Sunday night's rescue of one of the world's biggest banks and the threatened collapse of the U.S. auto industry are the most recent examples of how great the problems are - and there are almost certainly more to come.
In picking Lawrence Summers, Timothy Geithner, Christina Romer and Melody Barnes for the top economic spots in his administration, Obama has chosen smart, centrist thinkers who until recently advocated cautious, sensible-shoe policies to do such things as boost savings, reduce deficits and allow markets maximum feasible rein.
But the assignment that Obama has given his new team is anything but cautious and sensible-shoe.
Obama has instructed them to craft a plan to create or save 2.5 million jobs in his first two years, and he urged the new Congress, which convenes Jan. 6, to have the legislation ready for him to sign as soon as he is sworn in as president two weeks later. "We do not have a minute to waste," he said.
His goal is to make Washington the consumer of last resort in an economy where consumption is plunging. It is to devise industrial policy-like programs to salvage a collapsing auto industry and turn green an energy industry wholly focused on fossil fuels. It is to dip more deeply into the lives of ordinary Americans - especially those with housing troubles - than the government has done in generations.
Obama declined to say how much the stimulus package might cost but declared that the federal government must act "swiftly and boldly" to resolve an "economic crisis of historic proportions." There are estimates that the package could be $700 billion over two years - compared with the $175 billion per year he proposed during the campaign - or even more.

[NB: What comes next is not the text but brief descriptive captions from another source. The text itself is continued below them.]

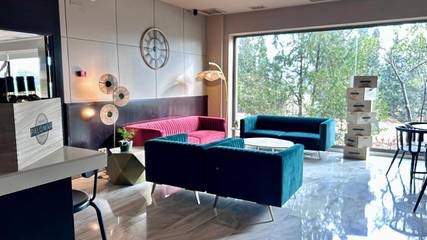 Hôtel pour 3 personnes, avec jardin et piscine à Chiva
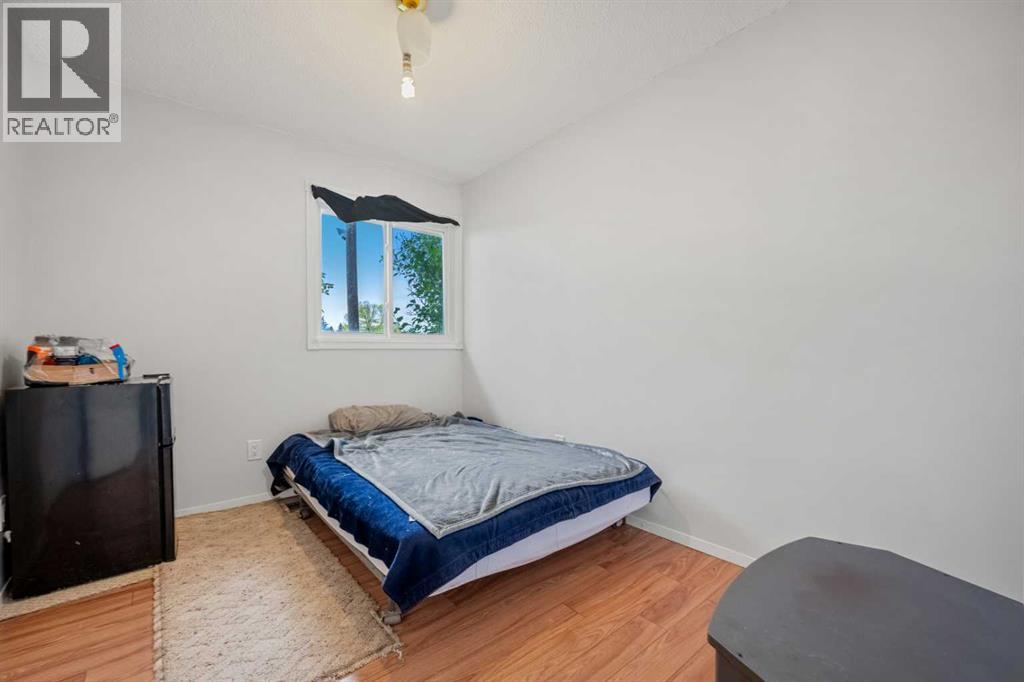 1219 68 Street NE - 19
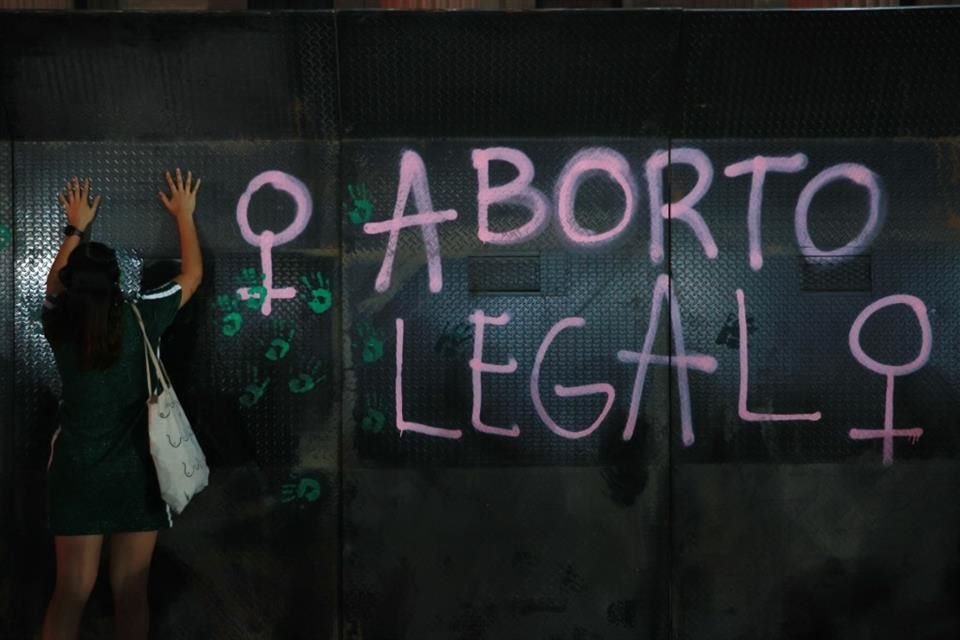 Aunque ya hay un recurso legal sobre la despenalización del aborto voluntario en Jalisco, deben diputados recibir notificación y derogar los artículos del Código Penal.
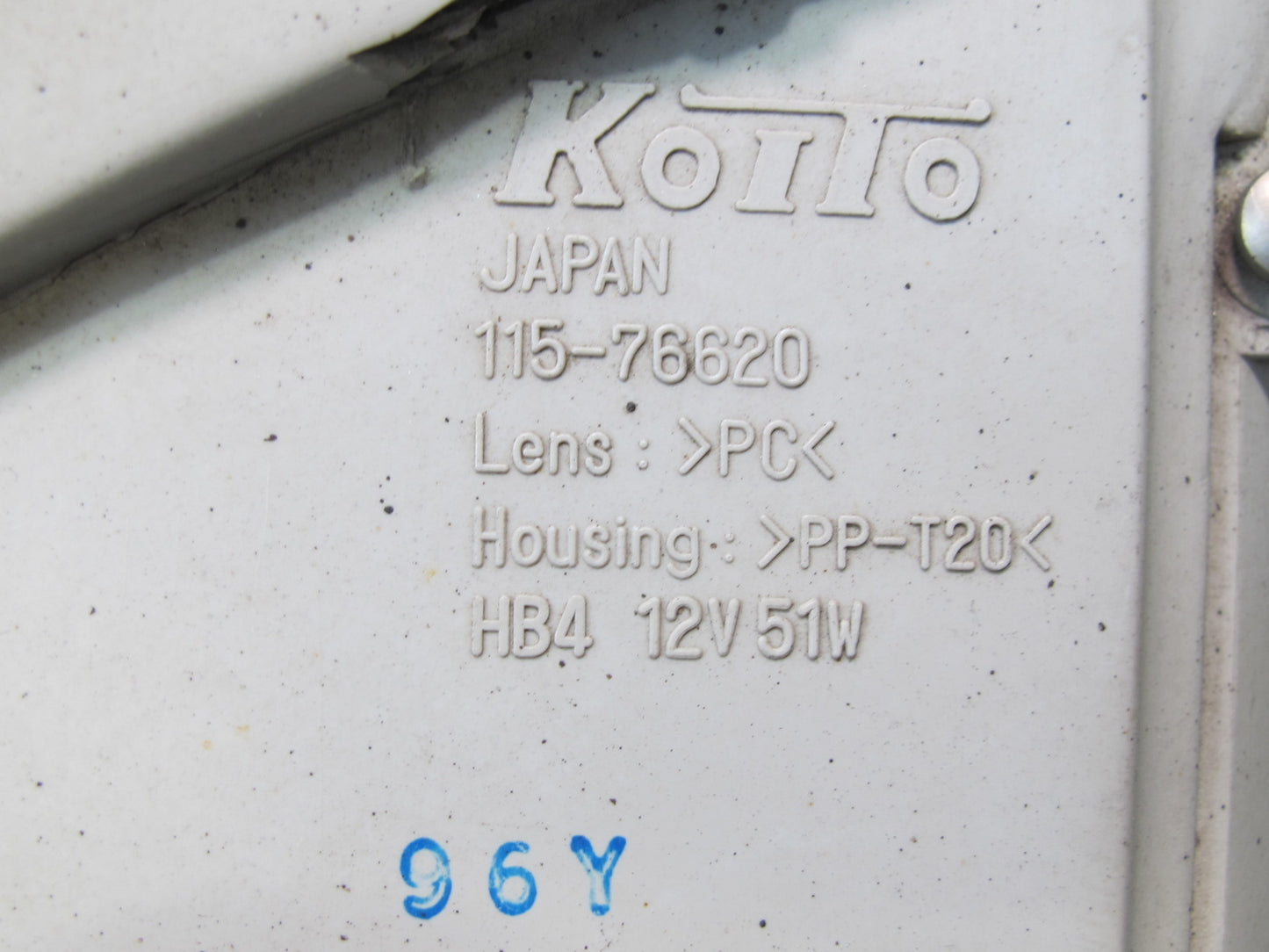 98-00 Lexus UCF20L LS400 Set of 2 Front Bumper Left & Right Fog Light Lamp OEM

But so much has gone so wrong in the past 15 months that what would have been beyond the political pale a few years ago is quickly becoming the consensus.
"These are not moderate, centrist times so economists who in normal times are moderate and centrist aren't going to act that way now," said J. Bradford DeLong, a University of California, Berkeley economic historian and prolific economic blogger. "The wild-eyed radicals are looking pretty sensible."